╭──

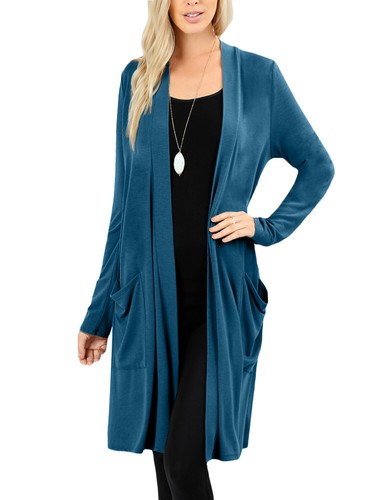 NE PEOPLE Damen Basic Langarm vorne offen lässig Taschen Cardigan NEUJ1440 - Bild 102 von 125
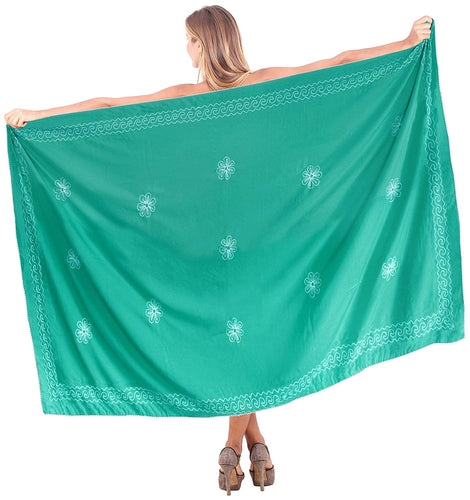 LA LEELA Women's Bikini Wrap Cover up Swimsuit Dress Sarong Solid ONE Size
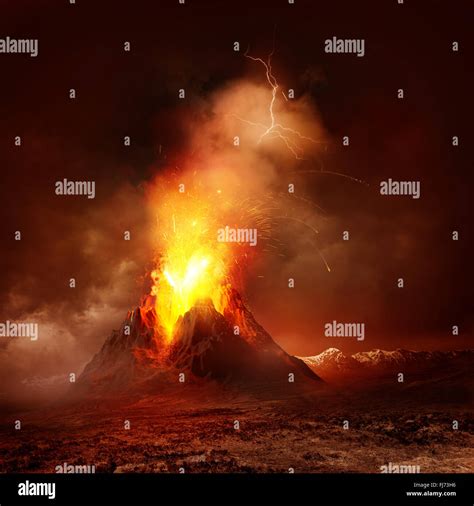 Volcano Eruption A Large Volcano Erupting Hot Lava And Gases Into The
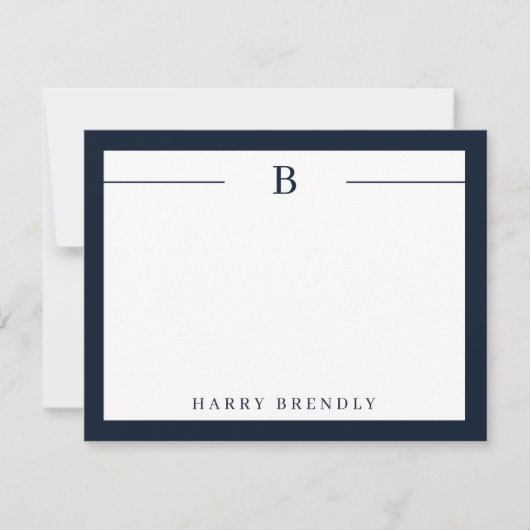 Monogram Modern Border Navy White Flat Note Card Notitiekaartje (Voorkant)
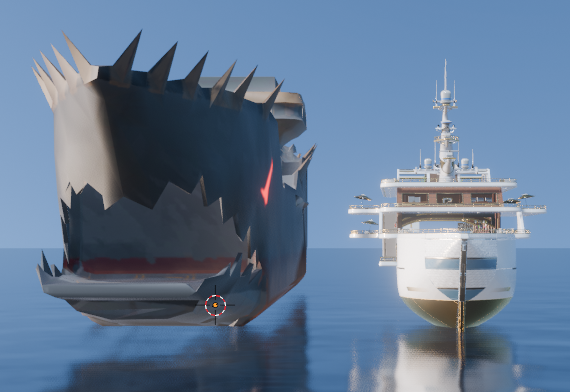 Having in mind this model is prob an hlod taken from v30.00 

This is the real size of the 'SharkBait' ship

(Compared to the yatch and a model)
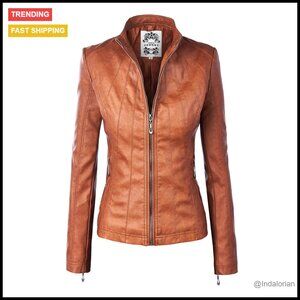 Faux Leather Moto Biker Jacket Zip Up Stitching Detail Chic Y2K Retro Style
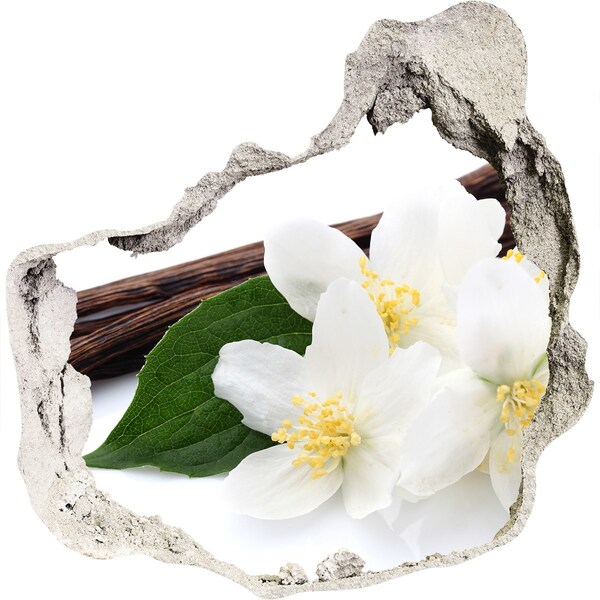 Autocolant un zid spart cu priveliște Flori de iasomie în beton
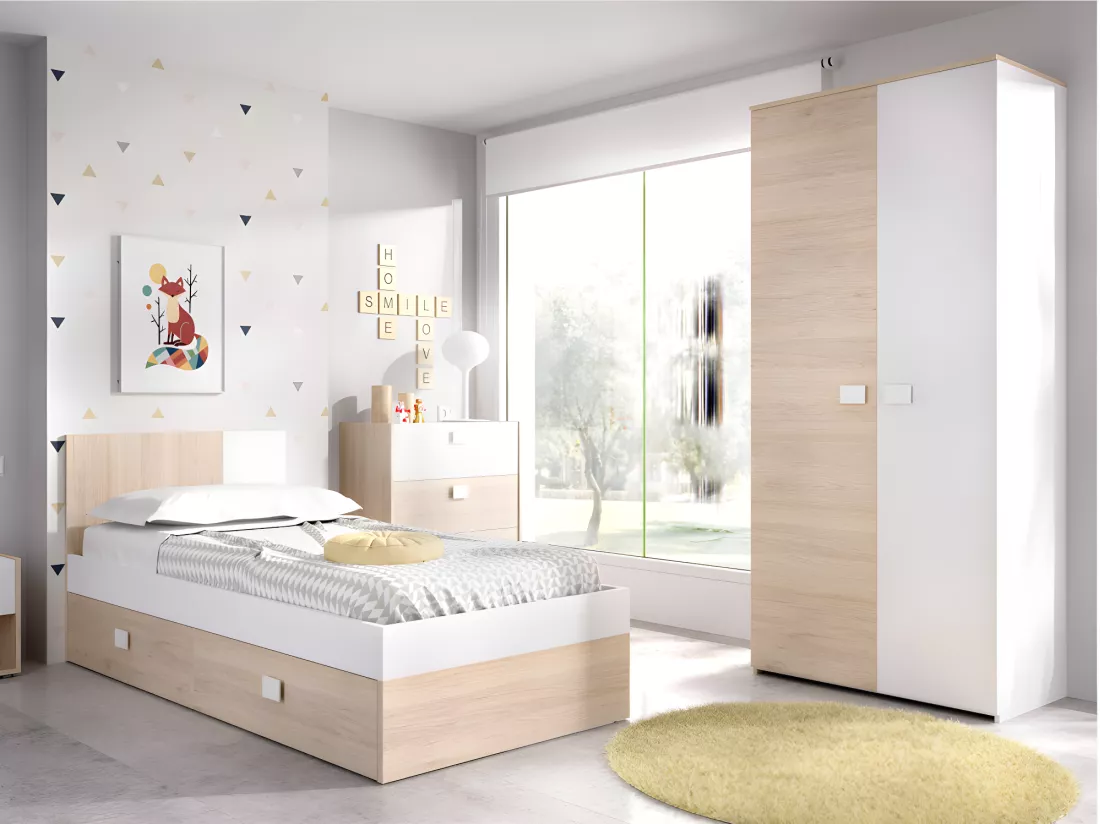 Lit gigogne 2 x 90 x 190 cm - Coloris : Naturel et blanc - SONIA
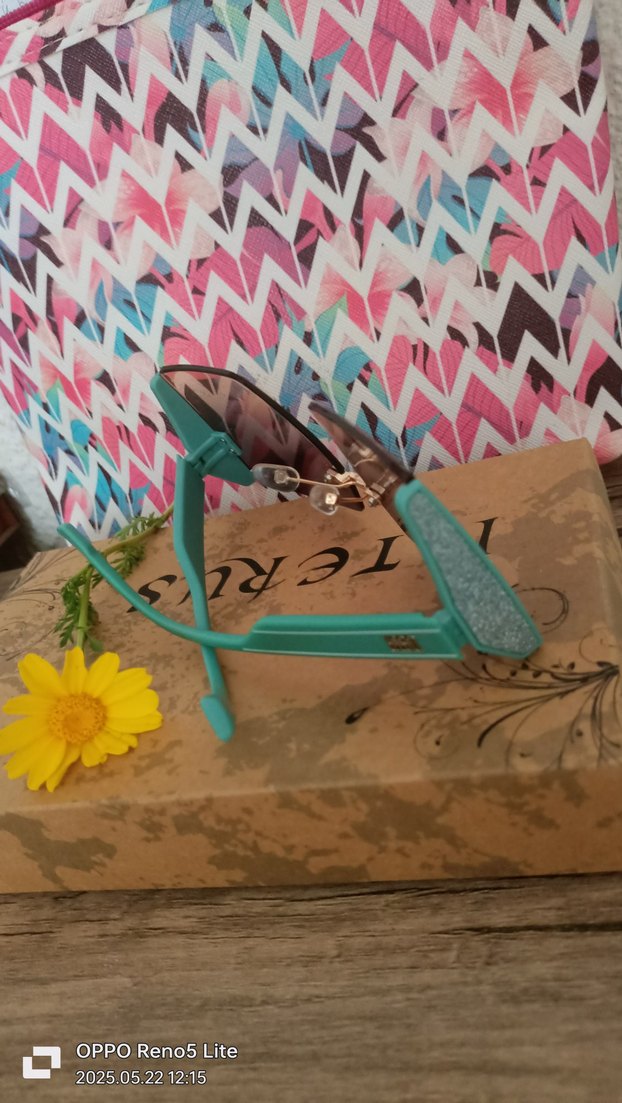 Turkuaz Şeffaf Gövde Bohem Kadın Güneş Gözlüğü - Görsel 2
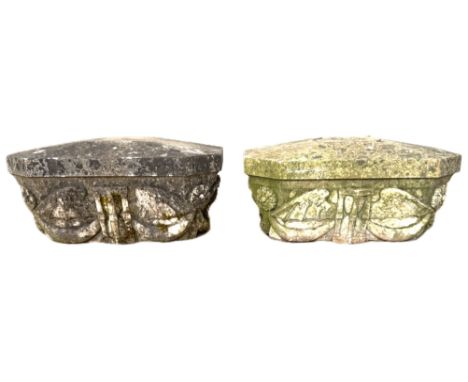 An attractive pair of dressed stone gate pier capitals, probably 19th century,   each of shaped oblong form with canted corne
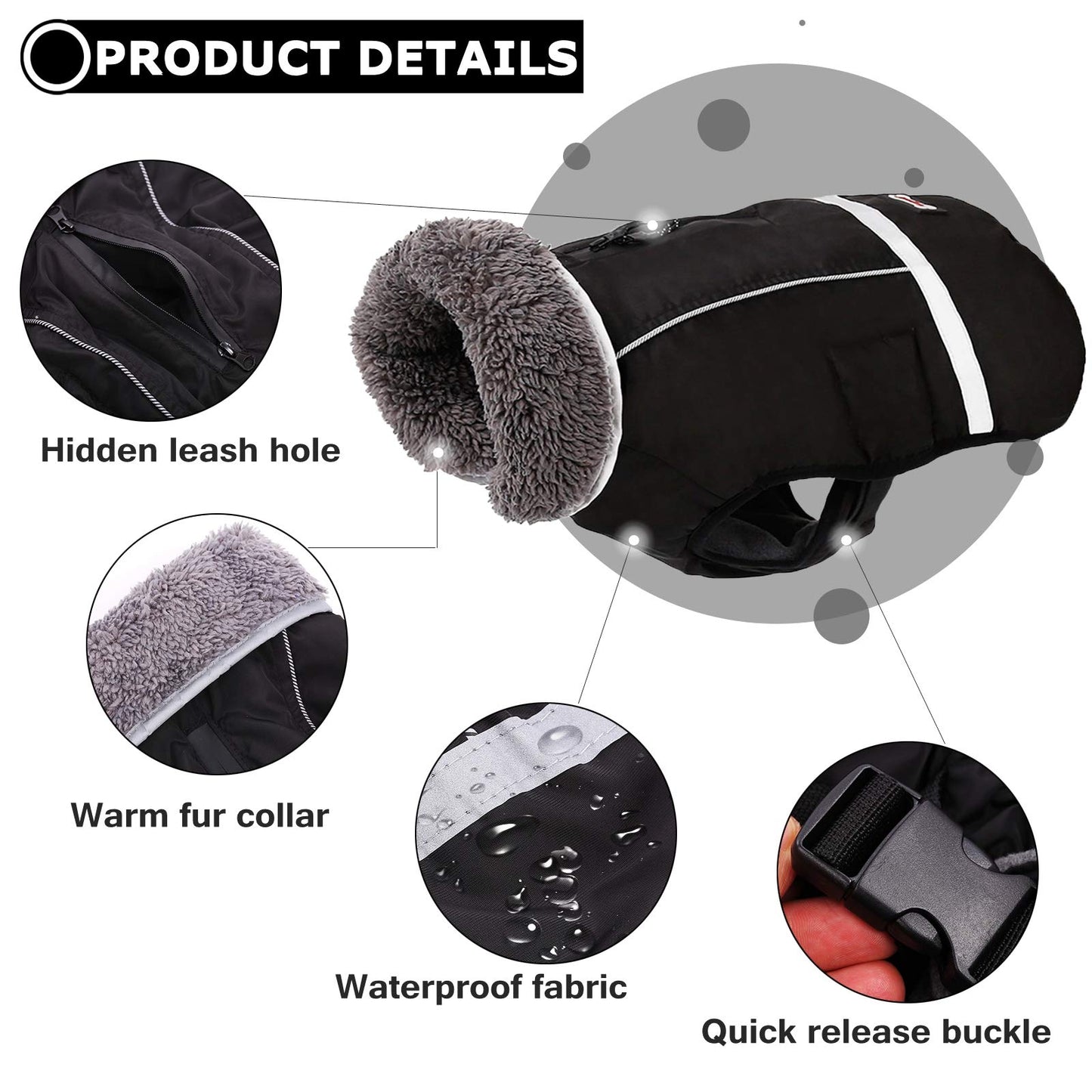 QBLEEV Warm Dog Coat Reflective Dog Winter Jacket，Waterproof Windproof Dog Turtleneck Clothes for Cold Weather, Thicken Fleece Lining Pet Outfit，Adjustable Pet Vest Apparel for Small Medium Large Dogs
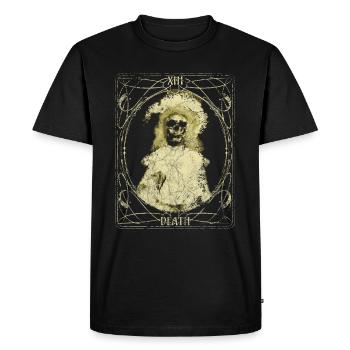 Death Tarot Card Skull - Männer Premium Bio T-Shirt - Schwarz - Vorne - Nico (187cm)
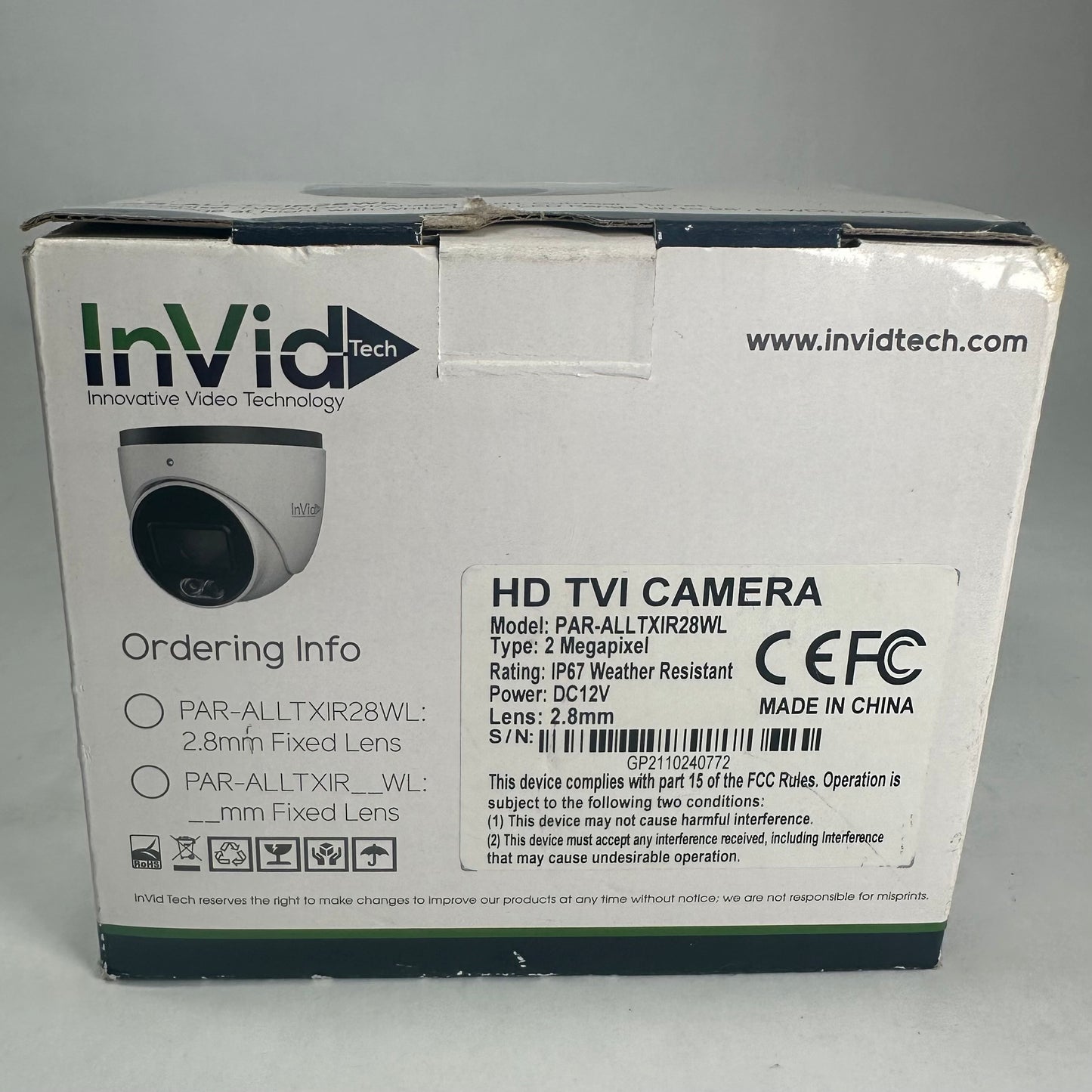 InVid Tech PAR-ALLTXIR28WL  Analog Turret Camera
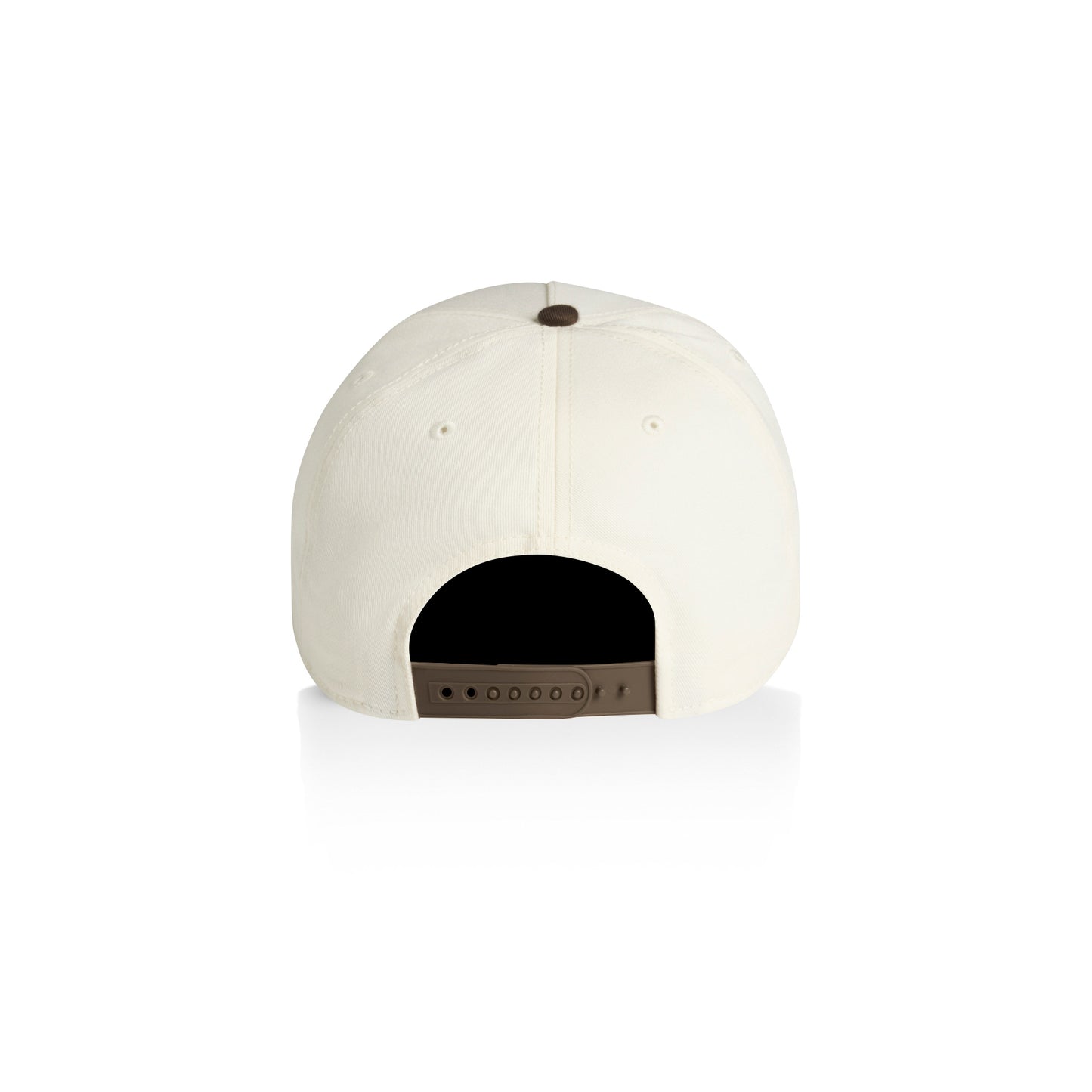 The back view of a structured baseball cap in off-white, featuring a brown button on top, ventilation eyelets, and a brown adjustable snapback closure band. From gymwear brand Hybryd.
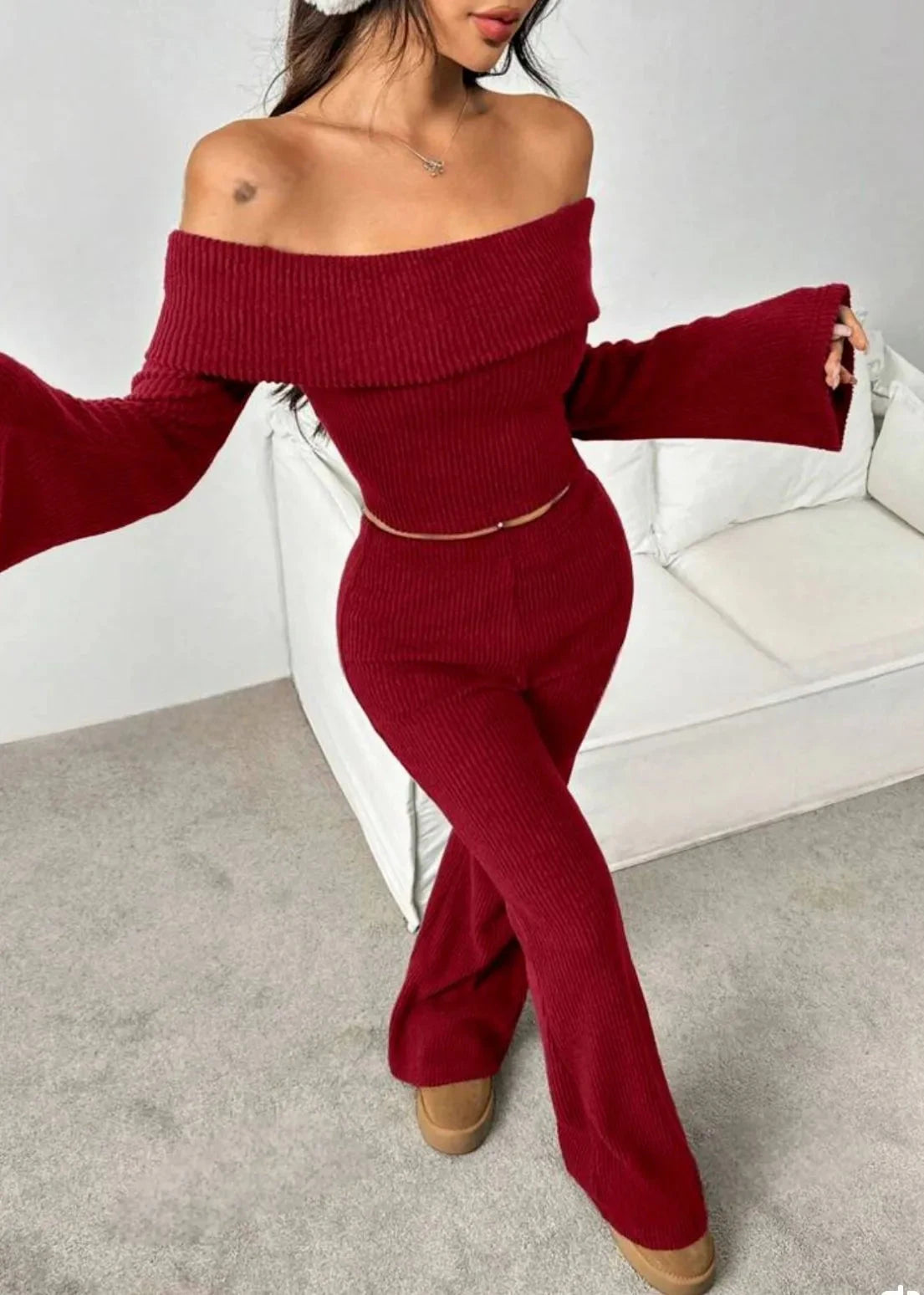 Burgundy Off-the-Shoulder Ribbed Knit Set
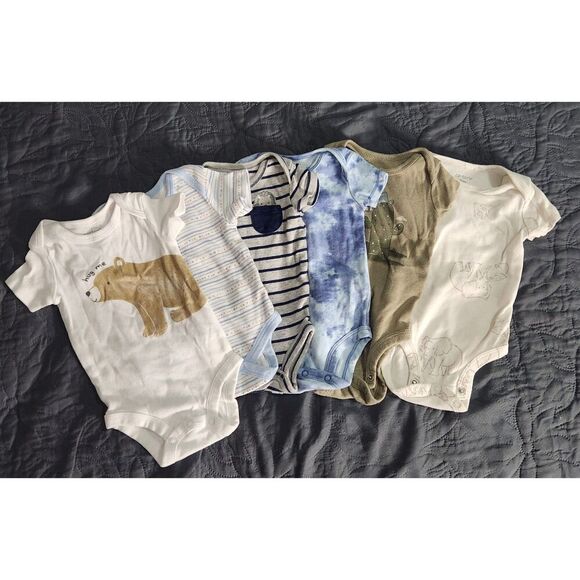 Baby Boy Bodysuit Bundle 0-3 Months (6 Pack) Carter’s & Vitamins Baby - Picture 1 of 4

╰──

■ What you will do:
Once the pictures are set aside, write out the entries verbatim.

■ Solution for this problem:
 NE PEOPLE Damen Basic Langarm vorne offen lässig Taschen Cardigan NEUJ1440 - Bild 102 von 125
 LA LEELA Women's Bikini Wrap Cover up Swimsuit Dress Sarong Solid ONE Size
 Volcano Eruption A Large Volcano Erupting Hot Lava And Gases Into The
 Monogram Modern Border Navy White Flat Note Card Notitiekaartje (Voorkant)
 Having in mind this model is prob an hlod taken from v30.00 

This is the real size of the 'SharkBait' ship

(Compared to the yatch and a model)
 Faux Leather Moto Biker Jacket Zip Up Stitching Detail Chic Y2K Retro Style
 Autocolant un zid spart cu priveliște Flori de iasomie în beton
 Lit gigogne 2 x 90 x 190 cm - Coloris : Naturel et blanc - SONIA
 Turkuaz Şeffaf Gövde Bohem Kadın Güneş Gözlüğü - Görsel 2
 An attractive pair of dressed stone gate pier capitals, probably 19th century,   each of shaped oblong form with canted corne
 QBLEEV Warm Dog Coat Reflective Dog Winter Jacket，Waterproof Windproof Dog Turtleneck Clothes for Cold Weather, Thicken Fleece Lining Pet Outfit，Adjustable Pet Vest Apparel for Small Medium Large Dogs
 Death Tarot Card Skull - Männer Premium Bio T-Shirt - Schwarz - Vorne - Nico (187cm)
 InVid Tech PAR-ALLTXIR28WL  Analog Turret Camera
 The back view of a structured baseball cap in off-white, featuring a brown button on top, ventilation eyelets, and a brown adjustable snapback closure band. From gymwear brand Hybryd.
 Burgundy Off-the-Shoulder Ribbed Knit Set
 Baby Boy Bodysuit Bundle 0-3 Months (6 Pack) Carter’s & Vitamins Baby - Picture 1 of 4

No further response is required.